Working in partnership with other progressive forces: Unions must acknowledge that, despite their power, they cannot on their own bring about the changes needed to confront the neo-liberal agenda imposed by globalisation. We need to forge strategic and tactical alliances and partnerships with progressive political parties and non-governmental organisations that identify with our vision and minimum platform. Trade unions should avoid retreating into a narrow laager, but instead should challenge for political and social space, should seek out allies and nurture and strengthen them, should lead a progressive alliance of working people.
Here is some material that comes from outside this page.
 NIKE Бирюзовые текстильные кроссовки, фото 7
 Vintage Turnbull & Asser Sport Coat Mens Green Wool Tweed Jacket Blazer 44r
Building the trade union movement: The working class is faced with a unified force comprised of multinational companies, powerful states and international financial institutions. The decades of cold war left the trade union movement fragmented. Our movement is particularly weak in the African continent and much of the developing countries. Conscious effort is needed to deal with this situation.
The unity of the trade union movement is vital: Nothing is bigger or more important than the unity of workers. It is bigger than the name of our organisations, our logos, bigger than considerations of leadership positions, bigger than our specific history or any other issue.
The ICFTU must set the goal of consciously working for unity of the international trade union movement. Its affiliates should consolidate this march to unity by eliminating divisions at the national and continental level. The role of the ICFTU should be to put pressure and programmes to realise the dream of unity for every country and continent. Guided by the slogan “One country - One affiliate,” we must actively promote the unity of workers, where necessary by releasing resources. The national centres themselves should be pressured to end destructive competition for membership. The proliferation of unions should be eliminated and workers be taught that only unity can provide protection against the onslaught of neo-liberalism.
The struggle for unity has important organisational implications. The time of general unions that offer workers little prospect of acting in solidarity with one another should belong to the past. Unions should organise broadly along industrial and sectoral lines, with powerful national centres that co-ordinate resources and action on behalf of national unions.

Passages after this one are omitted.